ANWR camp awaits Senate energy bill
Steve Sutherlin, Petroleum News associate editor
It’s virtually certain that the U.S. Senate’s version of an energy bill won’t contain a provision to open the coastal plain of the Arctic National Wildlife Refuge to oil and gas exploration, but it appears that the Senate will pass a bill, and that’s hopeful news for exploration supporters, said Roger Herrera, Arctic Power’s Washington, D.C., coordinator.
“Debate in the Senate will not involve our issue at all,” Herrera told Petroleum News June 11.
But the House’s energy bill does contain a proposal to open the coastal plain of ANWR for exploration. Once the Senate passes its own version, the bills will be combined in conference. Ideally, the blended version would approve ANWR drilling, Herrera said.
“The ANWR camp is optimistic,” he said.
Earlier in the year, it appeared the Senate might not pass an energy bill at all, Herrera said, but now debate is far enough along that the prognosis for a bill is good.

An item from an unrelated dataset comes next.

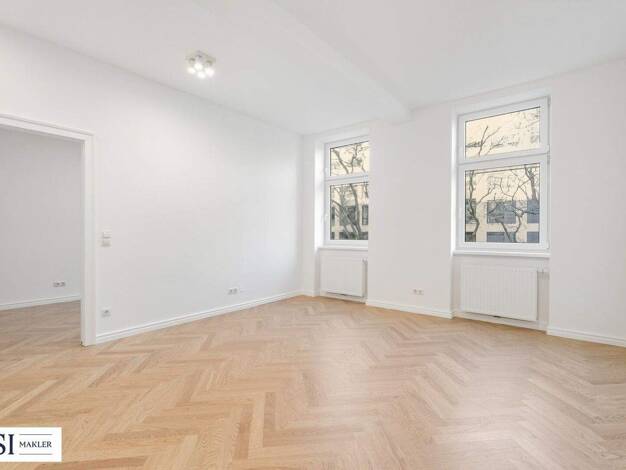 Wohnung zum Kauf - Erstbezug 508.000 € 4 Zimmer 77 m² 3. Geschoss Schanzstraße 53 Penzing 1140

He said the Senate has reached agreement on key points such as ethanol-use requirements, nuclear plant subsidies and conservation measures targeting a savings of one million barrels of oil a day.
Senate Floor debate on the energy bill raged until June 13, but the matter has been tabled to allow the Senate to debate Medicare reforms, according to Kristen Pugh, press secretary to Sen. Lisa Murkowski.
Pugh said the Senate would return to the energy bill debate sometime following the July 4 recess. She said Senate Energy Committee Chairman Pete Domenici’s goal is to have the bill ready to go to conference by the Thanksgiving break.